#### [What the exercise asks]
Everything in the entries below except the pictures must be returned exactly.

──────── Excerpted data ────────

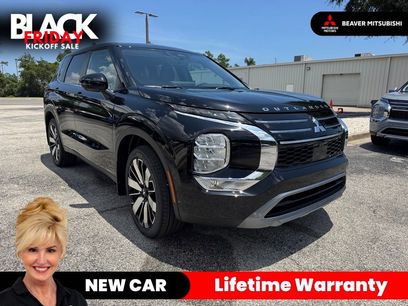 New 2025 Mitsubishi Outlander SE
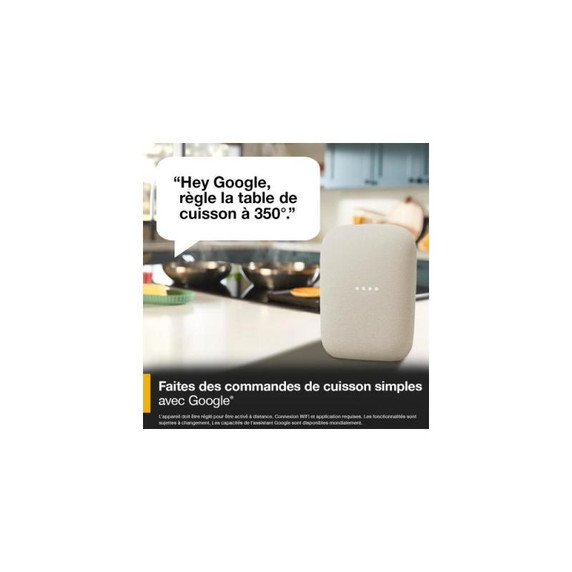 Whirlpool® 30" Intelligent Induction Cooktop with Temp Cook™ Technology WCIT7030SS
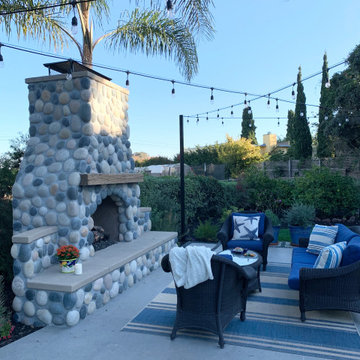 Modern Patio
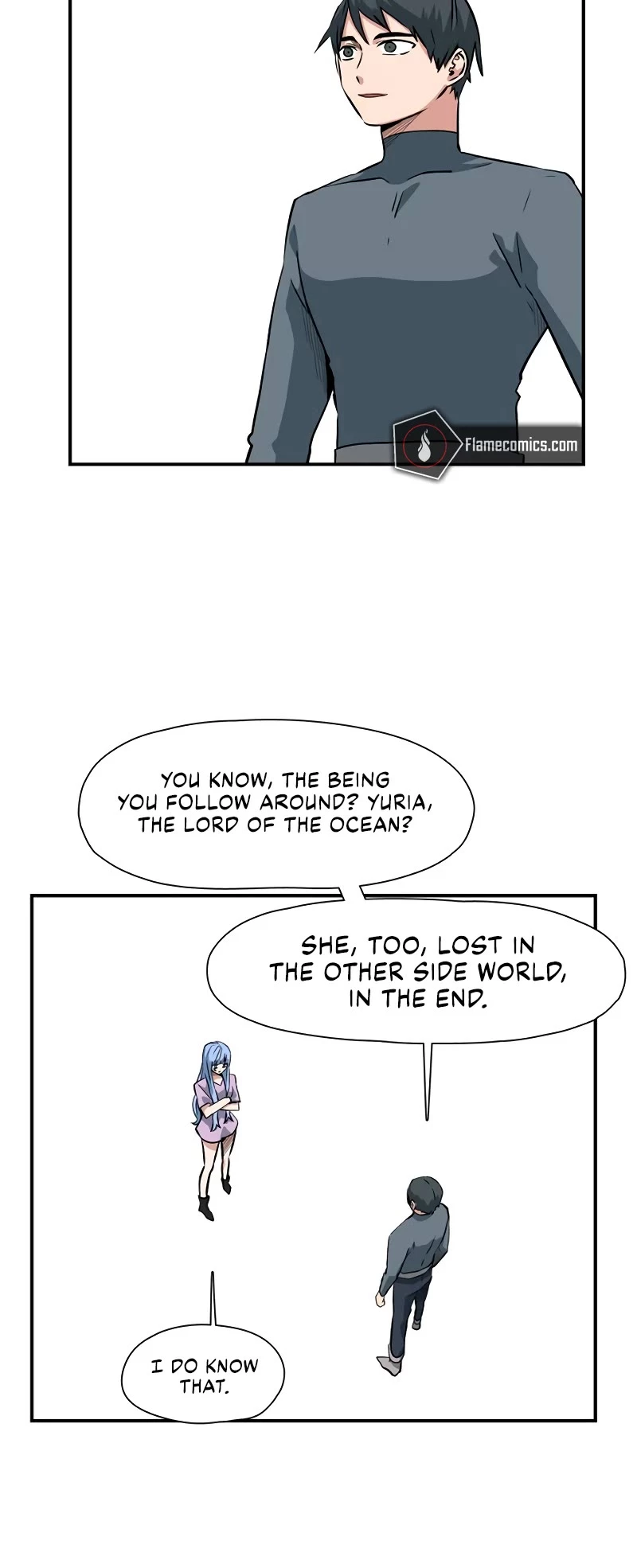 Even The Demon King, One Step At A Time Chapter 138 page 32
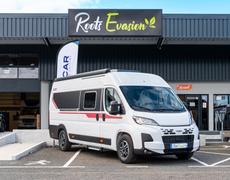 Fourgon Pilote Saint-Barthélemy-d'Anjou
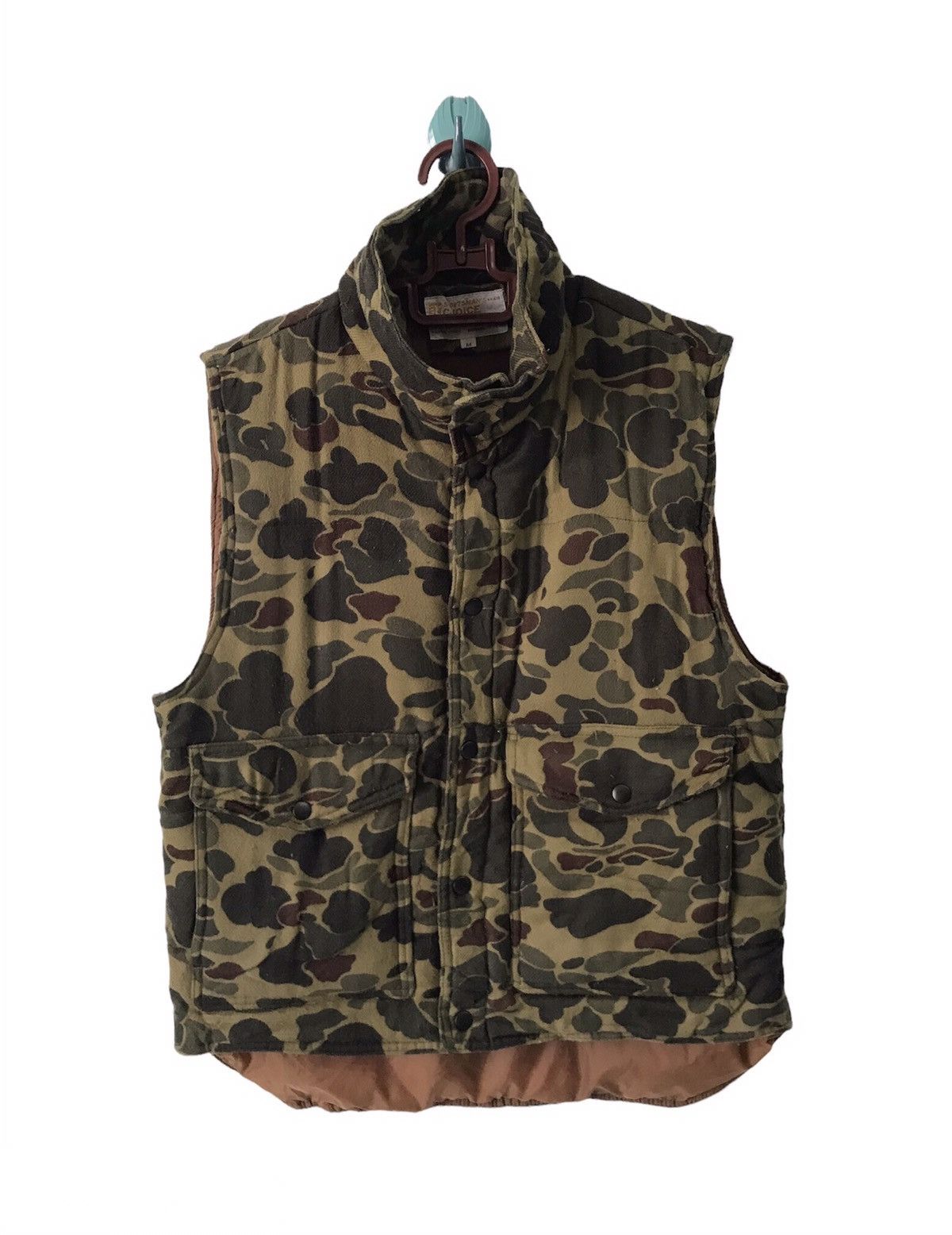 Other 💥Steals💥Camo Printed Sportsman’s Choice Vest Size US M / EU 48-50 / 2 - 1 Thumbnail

────────

#### [Task output]
 New 2025 Mitsubishi Outlander SE
 Whirlpool® 30" Intelligent Induction Cooktop with Temp Cook™ Technology WCIT7030SS
 Modern Patio
 Even The Demon King, One Step At A Time Chapter 138 page 32
 Fourgon Pilote Saint-Barthélemy-d'Anjou
 Other 💥Steals💥Camo Printed Sportsman’s Choice Vest Size US M / EU 48-50 / 2 - 1 Thumbnail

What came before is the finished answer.